Five Things Fathers Should Know About Adoption
In many ways, considering adoption and adoptive placement are the same for
mothers and fathers. In others, the experience is very different. Obviously, the
physical experience differs, as only the mother carries the child and gives birth.
Another significant difference relates to rights. Fathers should not assume that they
have the rights of a parent.
1. Fathers Can Have a Say in Adoption.
Although a child has two biological parents, the rights of those parents may not be the same. For this reason, it is important for a biological father to understand his rights. Just because he is a biological father does not mean that he has legal rights; he does, however, have an opportunity to assert and establish rights. Once a father properly asserts his rights, he will generally be entitled to notice of any adoption proceedings and his consent to the adoption will probably be required.
2. A Father May Need to Take Action to Establish and Protect His Rights.

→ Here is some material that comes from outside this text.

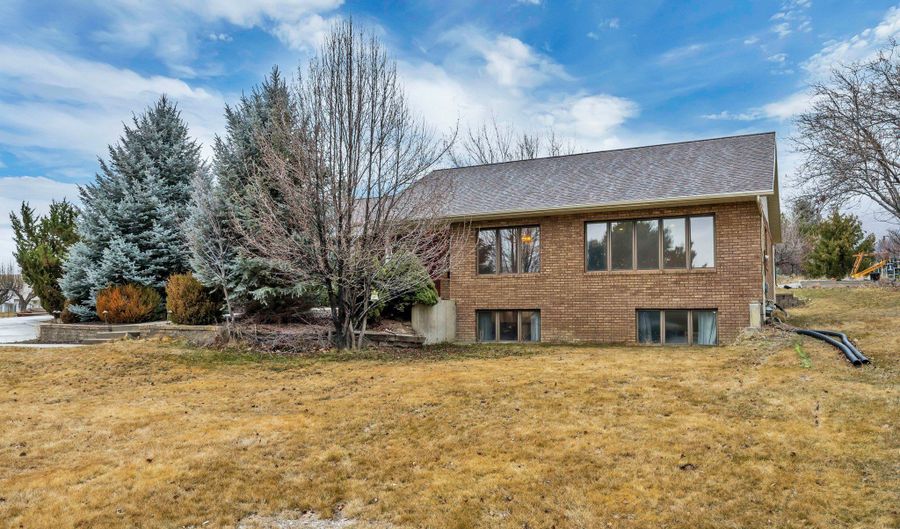 887 E VILLAGE Way, Alpine, UT 84004 - 5 Beds, 3 Bath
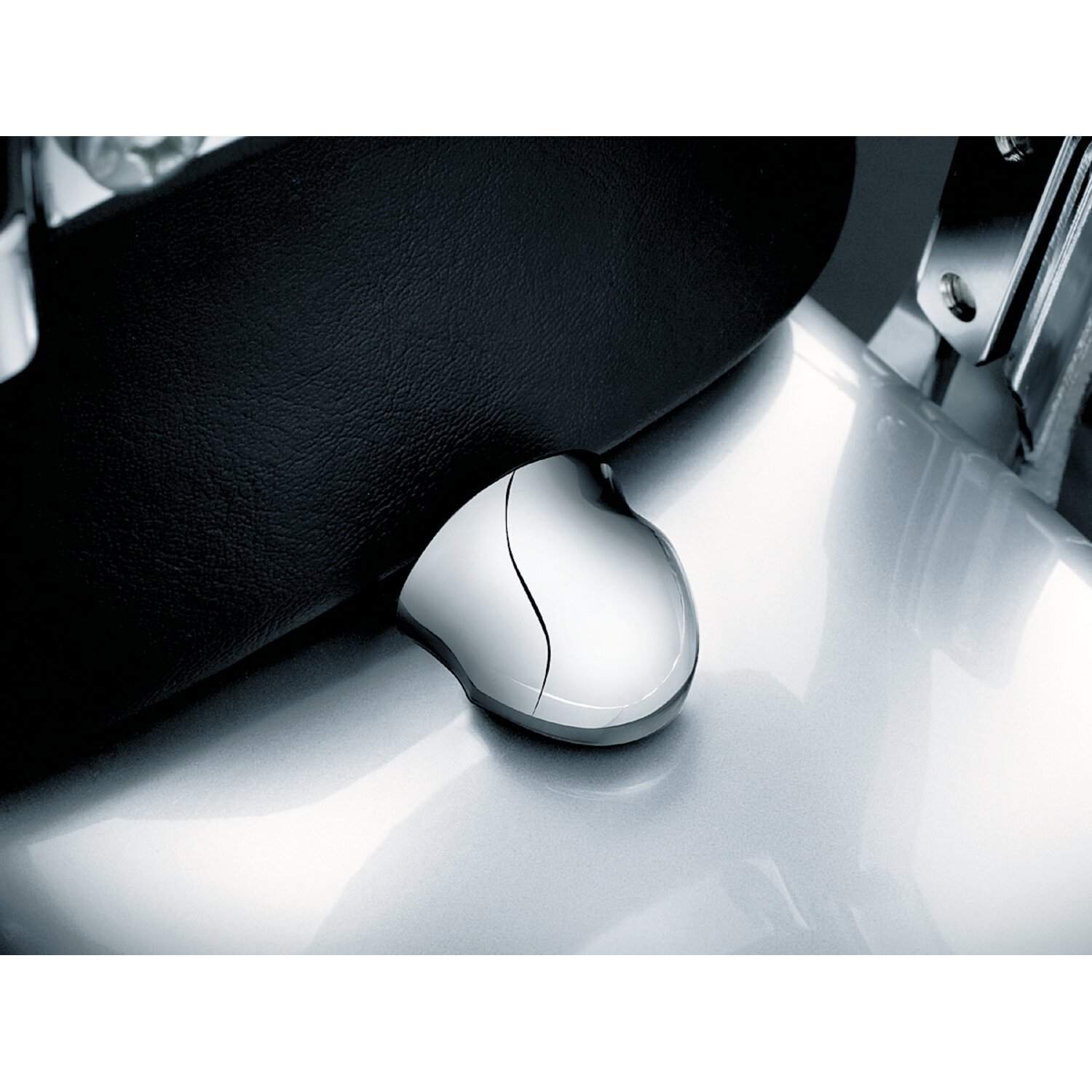 Kuryakyn, Quick release seat latch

A mother’s rights are generally established by her giving birth to a child. The
hospital documents the birth and notifies the State vital records office, who issues a
birth certificate naming her as the mother. For a father, however, the birth alone
does not make him a legal father. He must act to assert his rights. This is commonly
done by one of the following:
- Marriage to the mother A father who is married to the mother at the time the child is conceived or born is recognized as the child’s father.
- Listing on the Birth Certificate If the mother and father both sign appropriate state forms naming the father, he will be listed on the birth certificate and recognized as the child’s father.
- Court Order A court order may establish the father’s rights. Court cases to establish paternity may be brought by a father, a mother or the State. A father may need to (1) file a court case, (2) respond to notices regarding adoption and paternity or (3) file with a state father’s registry in order to assert his rights.
A father who fails to act to establish his rights may not have any rights.
3. A Father Should Not Procrastinate Asserting His Rights.
If a father does not act in a timely fashion to establish and protect his rights, he may not have any rights. Procedures vary from state to state, but in every state a father may lose his rights if he does not act in a timely fashion to protect them. In many situations, a father needs to take action, such as providing financial and emotional support for the mother or registering with a state father’s registry, before the child is born. A father who delays asserting his rights may lose them.
4. Financial and Emotional Support for the Mother Are Important.
Commencing legal action to establish paternity, responding to legal notices regarding adoption and registering with a state father’s registry are all important steps to assert paternity. Additionally, however, and perhaps most importantly, a father seeking to assert his rights should provide financial and emotional support to the mother before the baby is born. Mothers generally incur expenses in connection with their pregnancy and require emotional support to assist them. A father who fails to provide such support may be deemed to have abandoned his rights. Even if a mother resists help, it is important that a father offer financial and emotional
5. A Father Should Consult an Attorney Regarding His Rights.
Determining a father’s rights can be complex and confusing. For this reason, fathers are best served by identifying a competent attorney who can provide advice regarding those rights and how to assert them.